Enfants, pour échapper à l’étouffante présence des patrouilles militaires, nous nous échappions, parfois, vers les ruelles désertes et toutes dissemblables des hauteurs de Belcourt et leurs constructions aux âges juxtaposées, murettes de pierres brunes et ocre à côté de villas en maçonnerie moderne.

Vers le nord, en bas, près de la mer et du port, les usines et les immenses ateliers présentaient cette même incertitude d’architectures mais dans des rues rectilignes.

Quelquefois, des ouvriers algériens s’étonnaient de nous voir errer dans les rues désertes bordées d’ateliers. Alors, suspendant leur travail, ils nous demandaient ce que nous faisions là et nous conseillaient de rentrer chez nous.

Pour la même raison qui nous faisait quitter les zones arabes du quartier : éviter les patrouilles.
Tendresse de cette époque de guerre qui tissait le hasard des fraternités et les vertiges de la haine ou des trahisons qui nous exposaient à la violence.
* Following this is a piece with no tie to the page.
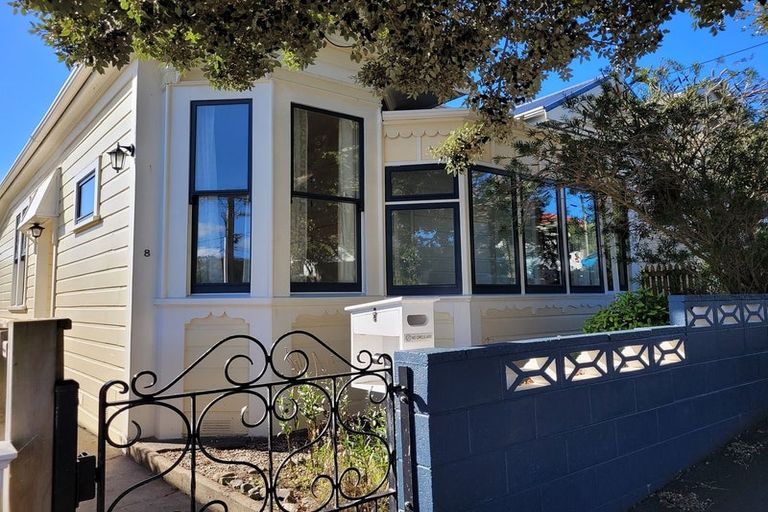 Photo of property in 8 Stirling Street, Berhampore, Wellington, 6023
Sur le haut de Belcourt, au départ d’un mur de pierres, un mur arabe selon nos dénominations, pierres liés d’argile ocre, commençait une rue onduleuse qui aboutissait au grand Boulevard Bru par lequel nous prenions le chemin vers la forêt des arcades pour rejoindre les zones arabes.
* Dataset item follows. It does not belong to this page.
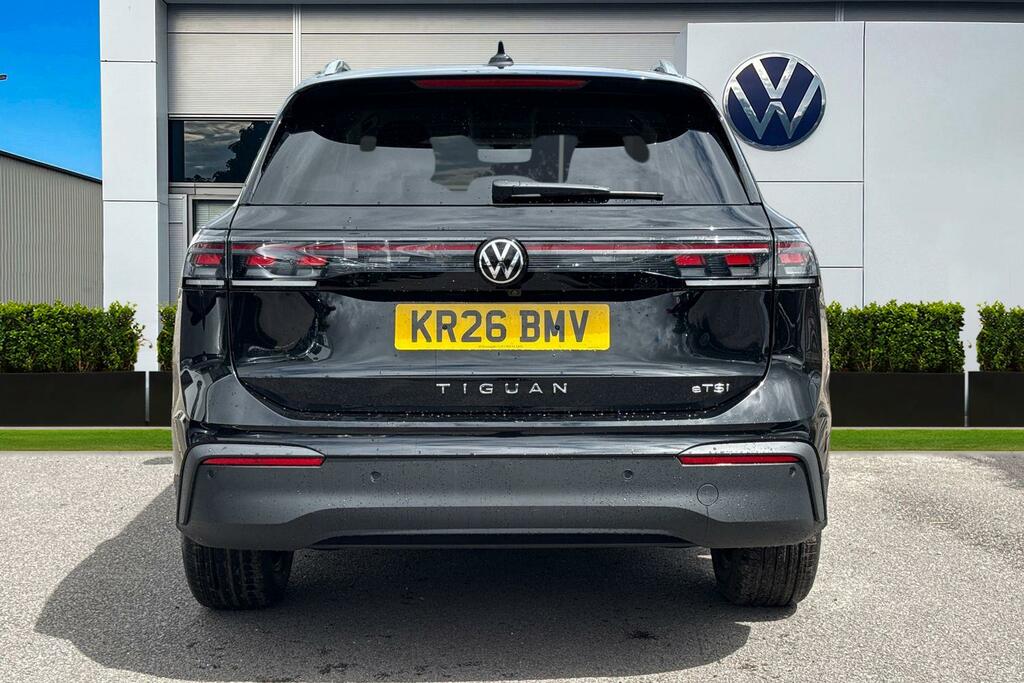 Volkswagen Tiguan 1.5 Etsi Match Dsg Delivery Mileage KR26BMV Black #4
Nous étions des virtuoses imprenables des frontières impalpables entre le pays arabe et le pays pied-noir.
Je m’arrêtais, à chaque fois, pour lire la plaque apposée plus haut que mes yeux : Rue Zaatcha.

Je retournais en cachette de mes copains, le plus souvent possible vers cette rue. Un jour, à leur insu, j’avais croisé, le cœur tremblant, le regard soleilleux d’une petite fille qui ressemblait au jasmin.

Rue Zaatcha. Sans aucune indication ou précision. Qui pouvait être ce Zaatcha, pour mériter cette rue ombreuse et taciturne ?

Quel enfant pouvait imaginer que c’était là une rue nommée à la gloire d’une victoire française sur les habitants d’une oasis du sud algérien ?

Des années plus tard, j’attendais la fille au regard de lumière, près des étals de bouquinistes et de leurs livres aux tendresses fripées.

Un fascicule brun, austère, aux allures d’ermite, portait le titre de Zaatcha.
Je l’ai relu plusieurs fois.

Les habitants de Zaatcha, oasis près de Biskra, avaient refusée l’ordre colonial en marche dans la conquête de notre pays.

Les habitants de l’oasis, désignent Hadj Bouziane, chef de leur résistance.
D’un côté, hommes, femmes, enfants, armés de fusils. Sans armes lourdes et totalement encerclés sans espoir de soutien externe. Vous pouvez imaginer le poids moral d’une résistance dans laquelle le vie de vos enfants, de votre chair dédoublée, est en jeu.

De l’autre, des troupes françaises bien armées et munies de canons et autres armes lourdes sans l’embarras des femmes et des enfants, renforcées par des supplétifs algériens menés par Bengana, d’autant plus féroces que traîtres.
Le siège a duré du 7 octobre au 26 novembre 1849, après un premier accrochage en juillet de la même année.
Aucun habitant de Zaatcha ne survécut. Aucun. Le dernier mort fut le fils de Bouziane, décapité par un caïd supplétif. Une autre extermination après celle des Aoufias, ou celle des Ouled Riyah.

Le crâne de Bouziane est séquestré dans un Musée de l’Homme, en France. Avec ceux d’autres chefs résistants.

Ma représentation de Belcourt fut désormais inséparable de l’épopée de Zaatcha. C’est tout cela qu’a éveillé en moi l’appel de B. Senouci à agir pour récupérer les crânes de nos héros séquestrés en France.
C’est ma façon de vous inviter à relayer et signer son appel.

Par fidélité aux résistances tumultueuses ou souterraines de mon quartier de Belcourt et par admiration pour le nom des Zaatcha qui ont couvert de leurs ailes les premières émeutes de mon cœur d’ado.